Fund Complex: Shelton Funds
Management Company: (1) Shelton Capital Management; (2) Shelton Capital Management. Sub-advisor: Green Alpha Advisors, (3) Shelton Capital Management
Funds Affected: (1) Shelton California Tax-Free Income Fund and (2) Shelton Green Alpha Fund, (3) Shelton International Select Equity Fund
Sustainable Investing Strategy: (1-2) ESG Integration, (3) Thematic
Summary:
(1) Shelton will seek to invest in municipal bonds that meet environmental, social and governance screens so that the fund may be considered a green municipal bond fund. In evaluating environmental, social and governance considerations, Shelton uses criteria including, but not limited to, use of bond proceeds, expected environmental impact, the source of revenues for repayment and reputation of issuer.

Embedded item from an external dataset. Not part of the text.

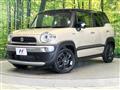 2019 Suzuki Suzuki Others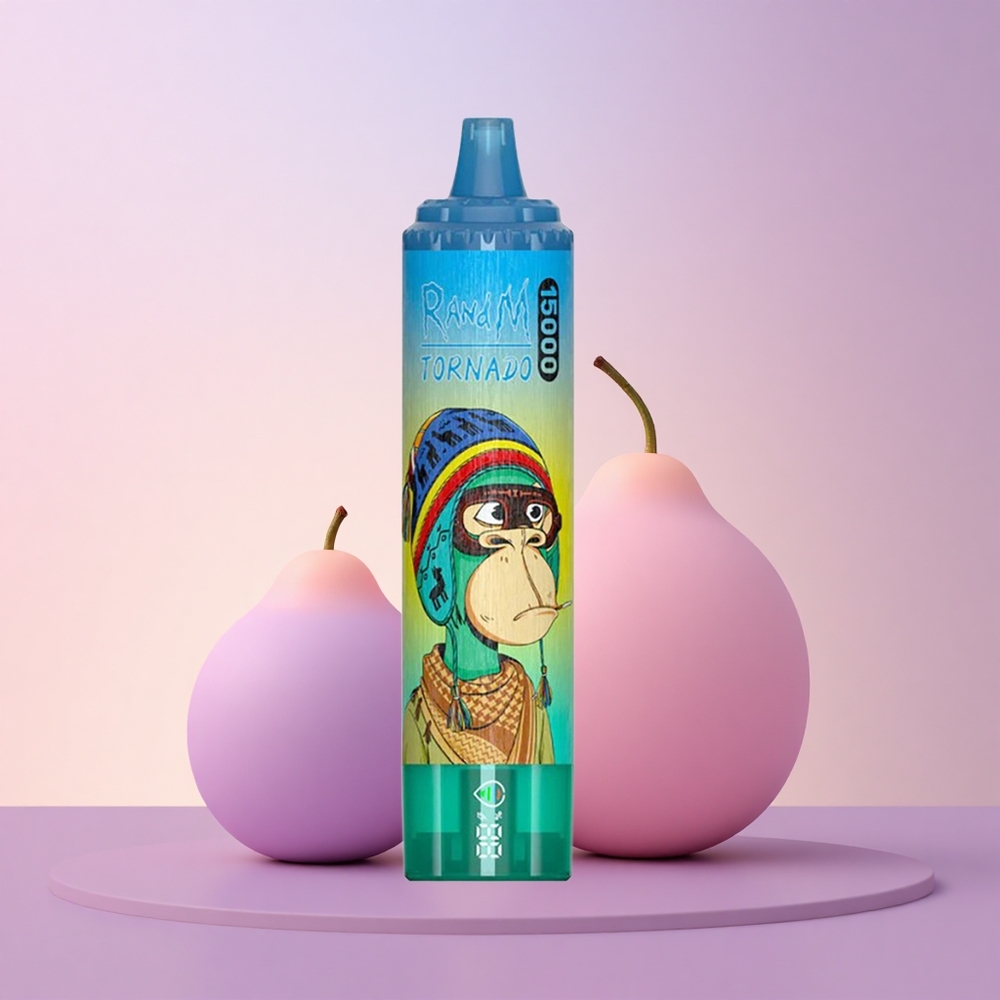 sinine razz -limonaad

(2) The fund invests primarily in common stocks of companies that Green Alpha Advisors believes are leaders in managing environmental risks and opportunities, have above average growth potential and are reasonably valued. The sub-advisor maintains a proprietary universe of green economy companies based on proprietary set of qualitative criteria. A “green economy” company is one that works to improve human well-being and increase economic efficiencies, while significantly reducing environmental risks and ecological scarcities. Green economy companies provide products and services that help economies to adapt to, solve or mitigate the effects of key environmental and economic systemic risks, namely resource scarcity and climate change. The sub-advisor maintains a proprietary list of at least 400 companies from multiple industries and economic sectors that, at its sole and absolute discretion, meet their qualitative criteria. This list is created after a review of a company’s business plan, activities and operating policies, as well as other qualitative criteria, including but not limited to, strength of management team, corporate governance practices, brand and product reputation, competitive positioning, industry growth probabilities, market size analysis, assessment of barriers to entry, assessment of aggregate sustainability risks and defensible patents and intellectual property. Stocks to be purchased by the fund are selected from this green economy universe by the sub-advisor using quantitative and qualitative analyses. Quantitative analysis refers to a mathematical review of the companies’ operating performance and characteristics related to its investment attractiveness, while qualitative analysis refers to the sub-advisor’s exercise of judgment when evaluating the green economy and sustainability characteristics as related to the future prospects of a company.
(3) As part of the fund’s fundamental life-cycle screen for securities evaluation, the investment team seeks to invest in businesses it believes are on the whole beneficial to the society. Such companies are considered to offer products and services that improve the lives of their customers, and of people in the communities in which they operate, and to exhibit responsible management practices. These practices may include dealings with customers, suppliers, employees, and the environment.